NOTE: This column is copyrighted material, therefore reproduction or retransmission is prohibited under U.S. copyright laws.

New farm bill provisions have been dissected many ways for longer than most farm bill watchers care to admit. While many observers think some hard decisions remain, veteran observers signal a farm bill compromise between the Senate and House versions could still be part of an end-of-year package dealing with fiscal cliff issues.

A farmer-choice safety net. Odds are high that the final farm bill package, which could have a framework agreement yet this year but with details fleshed out in early 2013, will contain a farmer safety net option of either revenue assurance or increased target/reference prices, along the lines of the pending House proposal – especially after Sen. Pat Roberts (R-Kan.) recently shifted his views against target prices.

Key farm bill staff aides know the thorny issues, and along with the key Ag panel leaders, could make compromise decisions to meet a year-end direction by House and Senate leaders to come up with a compromise bill to include in any final fiscal cliff package that some see very close to Dec. 21. Some are not ruling out lawmakers returning to Congress for a few days after Christmas.

But getting an actual new farm bill and other fiscal cliff issues agreed to by Congress may take until early 2013 via language very similar to the failed Super Committee process in the fall of 2011. If so, lawmakers would have until a specified date in 2013 to implement the framework agreement. If not, triggered reductions would ensue.

Any “accelerated” farm bill action would be largely aided by any decision to avoid House floor debate and move farm bill provisions into a fiscal cliff package designed for a single vote with no amendments allowed. That strategy is by no means decided on at this juncture. House Majority Leader Eric Cantor (R-Va.) continues to say the “votes are not there” on the House floor for a farm bill – but more than a few Washington contacts challenge Cantor's assessment. However, some farm bill stakeholders would be more than happy to see House floor action on a farm bill bypassed, due to expected controversial amendments likely to be pushed by some lawmakers.

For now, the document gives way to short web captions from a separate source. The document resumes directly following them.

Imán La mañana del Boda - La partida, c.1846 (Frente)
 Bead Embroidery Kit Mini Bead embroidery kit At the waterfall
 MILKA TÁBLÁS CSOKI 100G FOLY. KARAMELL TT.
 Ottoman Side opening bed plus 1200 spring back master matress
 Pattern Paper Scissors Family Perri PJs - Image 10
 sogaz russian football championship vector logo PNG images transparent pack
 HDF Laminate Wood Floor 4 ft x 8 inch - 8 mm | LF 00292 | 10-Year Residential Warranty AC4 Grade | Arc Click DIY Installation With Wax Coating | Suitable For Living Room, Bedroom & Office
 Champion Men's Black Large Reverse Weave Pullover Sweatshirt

Meanwhile, White House officials, including USDA Secretary Tom Vilsack, continue to push for a farm bill conclusion yet this year. But again, any framework agreement including around $30 billion or so in 10-year budget savings would likely need time to be implemented, and despite Rep. Collin Peterson's (D-Minn.) objection to any extension of the 2008 Farm Bill, such an extension still seems probable at this point.